Regulation has responded by shifting the burden from assertion to proof. The Cyber Resilience Act requires manufacturers to demonstrate security properties rather than claim them, which turns testing into a source of regulatory documentation, the substance of what manufacturers of connected products need to prove under the act. For connected products, in other words, QA increasingly exists to generate evidence an external authority will inspect.

Takeaway: For connected products, QA increasingly has to generate regulatory evidence, not just internal assurance.

Choosing how to test is itself a strategy

How testing is performed is not a neutral implementation detail but a strategic choice with consequences for speed, cost and defensibility. Artificial intelligence can accelerate test generation and triage, but in regulated contexts it cannot supply the determinism, traceability and independent judgement the work requires, which is why its role has to be carefully bounded, as examined in the analysis of AI in software testing for regulated industries. The point is not that AI is unwelcome but that it accelerates processes which must remain human-controlled and reproducible.

Beneath that sits the older, equally strategic question of where to automate and where to keep human testers. There is no universal answer, only a decision framework tied to context, risk and the value of each approach, which is precisely what the comparison of manual versus automated testing provides. Test strategy, properly understood, is a deliberate trade-off rather than a default setting.

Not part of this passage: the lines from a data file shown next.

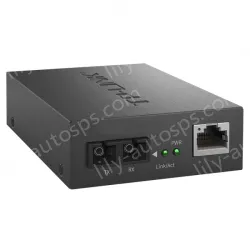 100 Gigabit single-mode dual-fiber fiber transceiver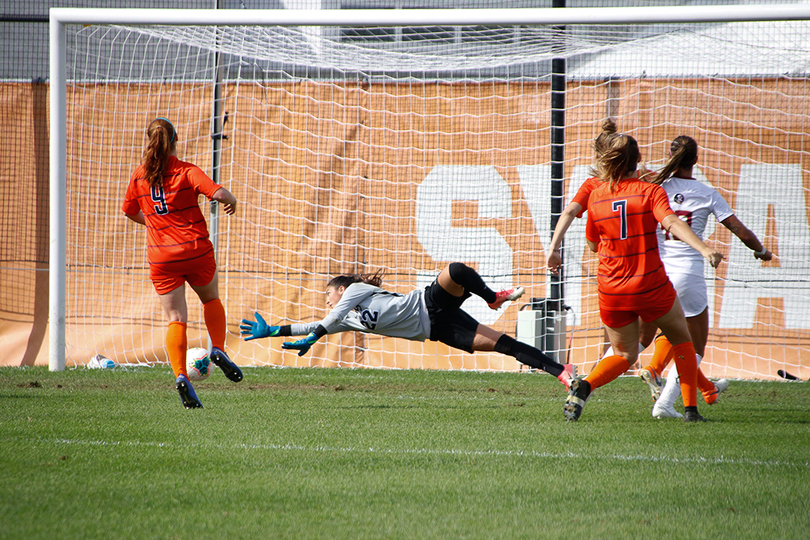 Defensive adjustments hold Syracuse close to No. 6 Florida State in 1-0 loss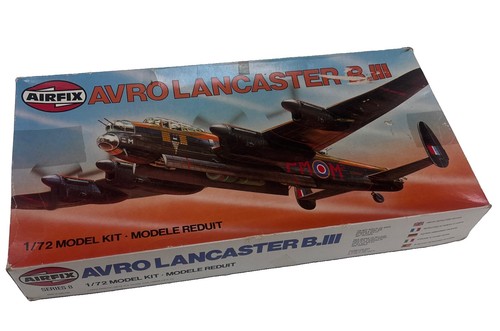 Airfix avro lancaster iii - avro, b.iii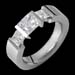 Exquisite Titanium Rings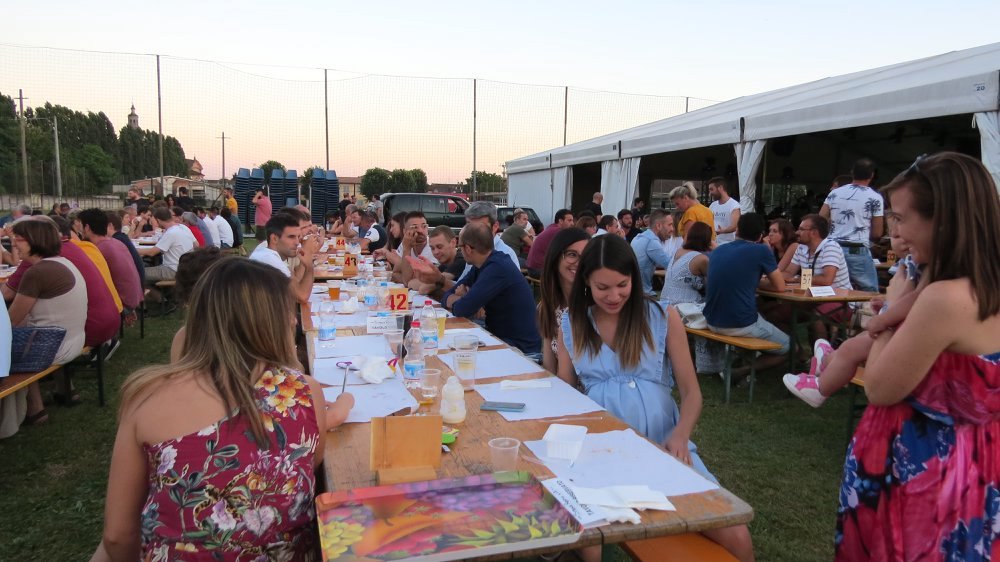 Aperitivo sotto le stelle - Day 1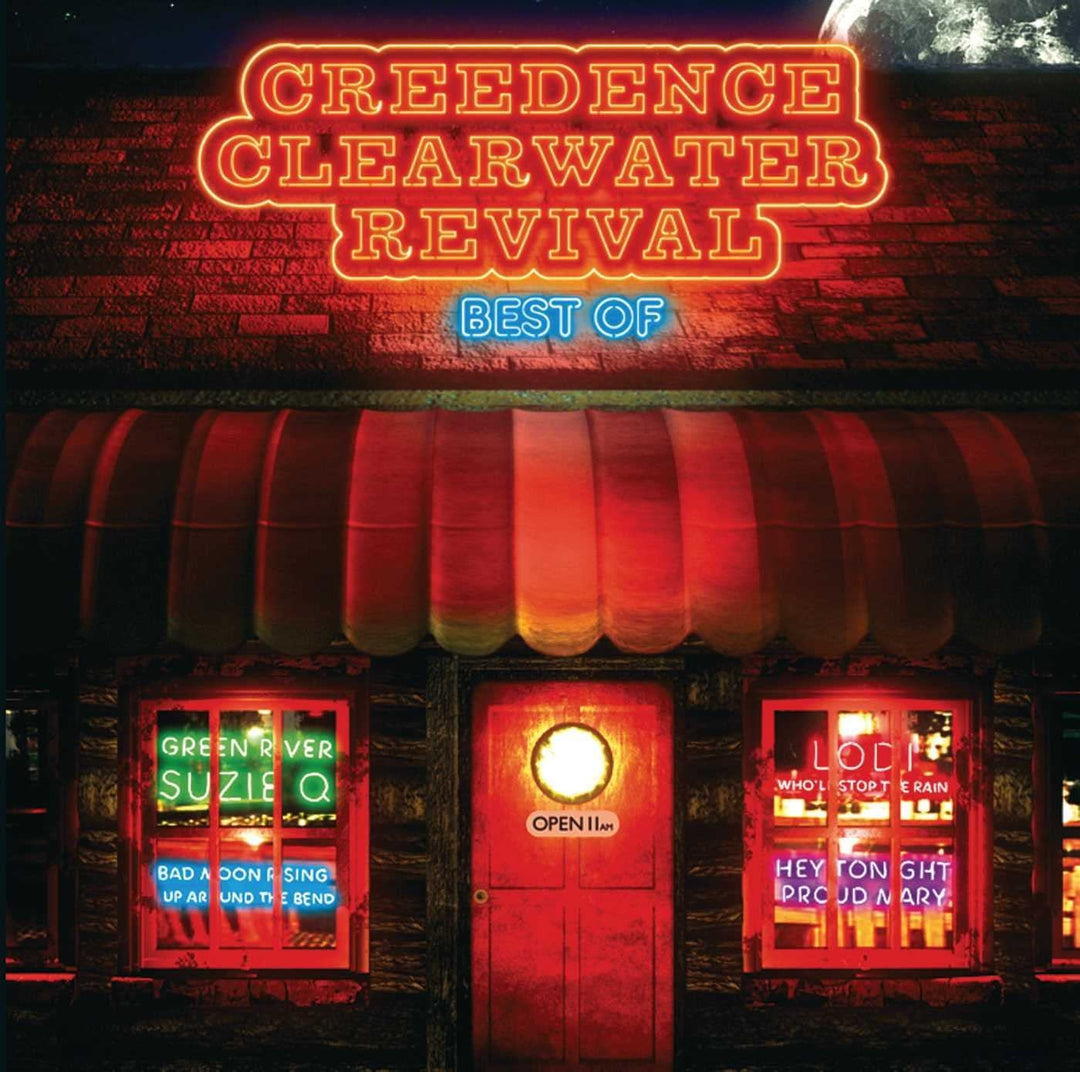 The Best Of Creedence Clearwater Revival - Creedence Clearwater Revival [Audio CD]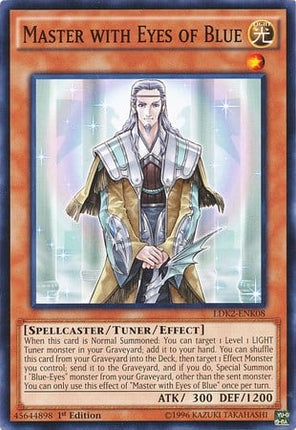 LDK2-K08 · Maestro con gli Occhi di Blu / Master with Eyes of Blue (ITA)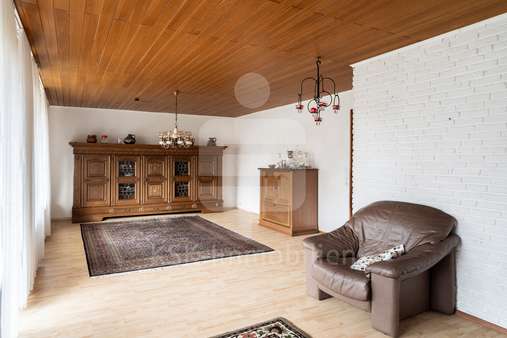 Wohnzimmer Erdgeschoss - Einfamilienhaus in 53773 Hennef / Geisbach mit 170m² kaufen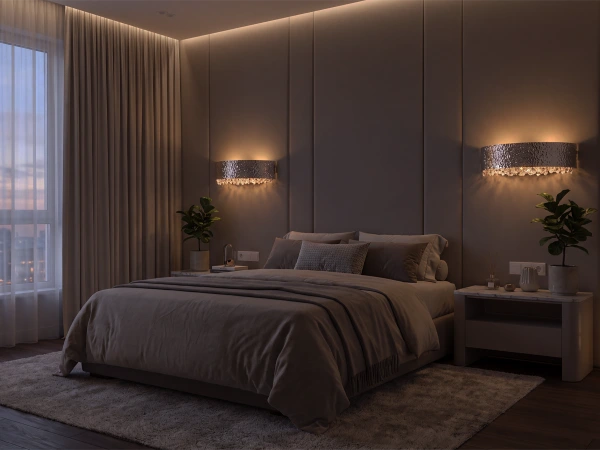 Lampa de perete din cristal SARITA 300 - V30146 1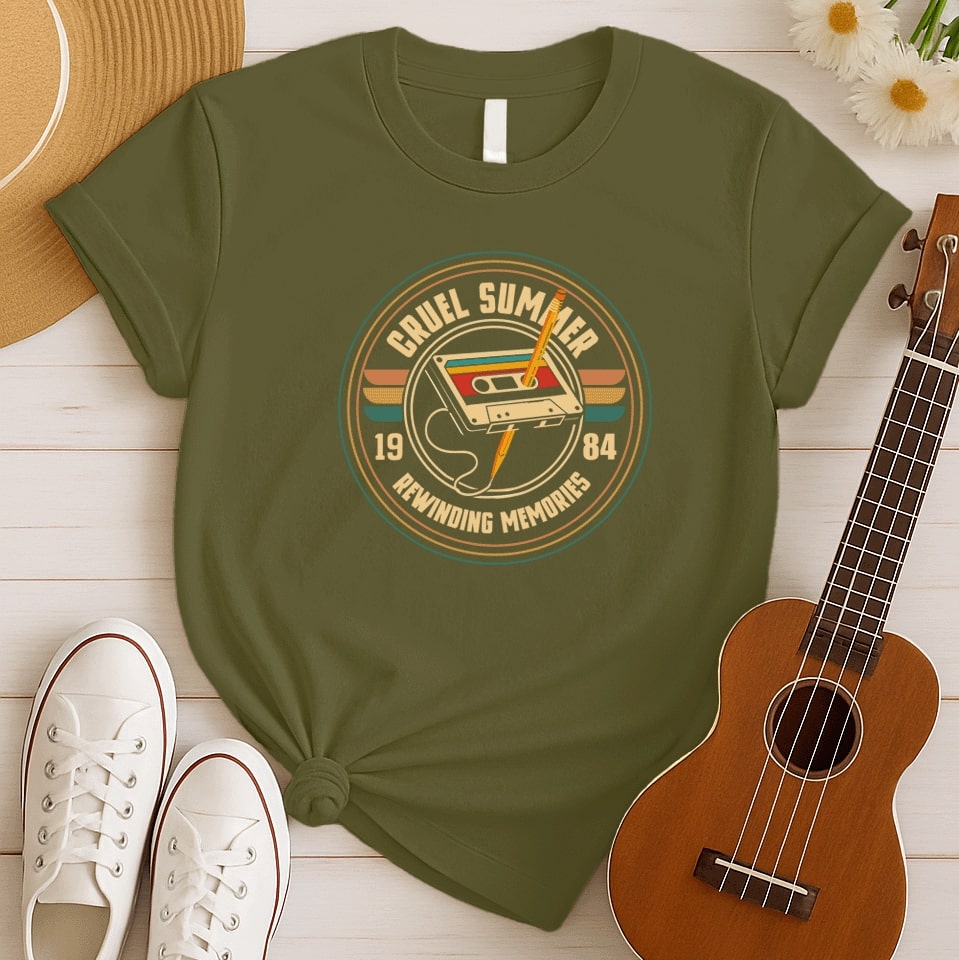 Cruel Summer 1984 | Rewinding Memories Tee
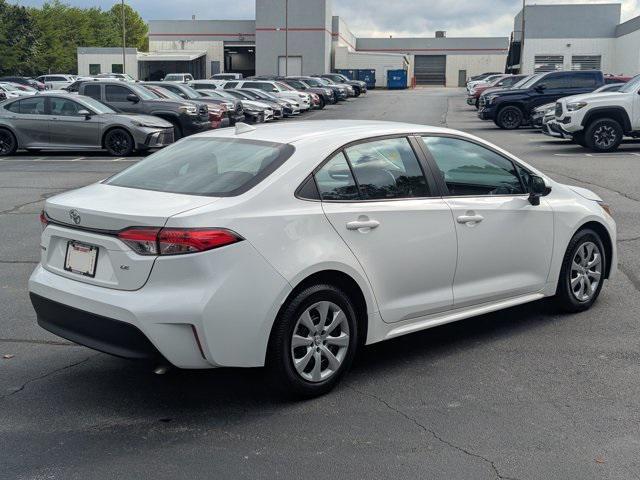 used 2023 Toyota Corolla car, priced at $20,777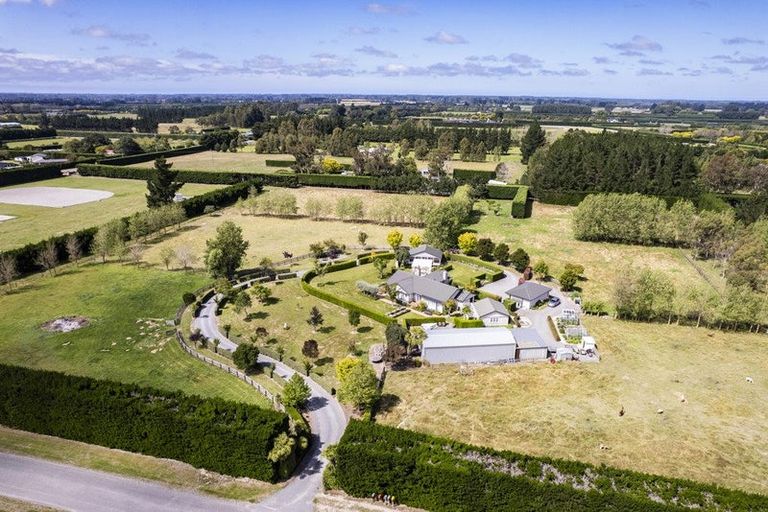 Photo of property in 164 Harrs Road, Swannanoa, Kaiapoi, 7692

Takeaway: Test strategy is a deliberate trade-off between speed, determinism and the evidence regulators expect.

Conclusion

Quality assurance for regulated and safety-critical systems is held together by one principle: testing must be defensible. Hardware-in-the-loop rigs make embedded testing realistic, functional-safety evidence trails make outcomes trustworthy, connected-product testing generates the proof regulators now demand, and a considered mix of manual, automated and AI-assisted methods keeps the whole effort both efficient and reproducible. The organisations that treat QA as the production of evidence, rather than the accumulation of confidence, are the ones whose systems hold up under scrutiny and in service.

FAQ

What is hardware-in-the-loop testing?

It connects a real embedded controller to a simulated model of the system it controls, so the controller can be tested against realistic conditions, including faults and edge cases, before deployment. It reveals behaviour that software-only testing cannot.

Can AI replace testers in regulated industries?

No. AI can accelerate test generation and analysis, but regulated work still requires determinism, traceability and independent verification that AI cannot provide on its own. It augments human-controlled processes rather than replacing them.

Why does the Cyber Resilience Act change QA?

Because it shifts the burden from asserting security to proving it. Manufacturers must produce evidence of secure design, vulnerability handling and testing, which makes quality assurance a direct source of the regulatory documentation an assessor will examine.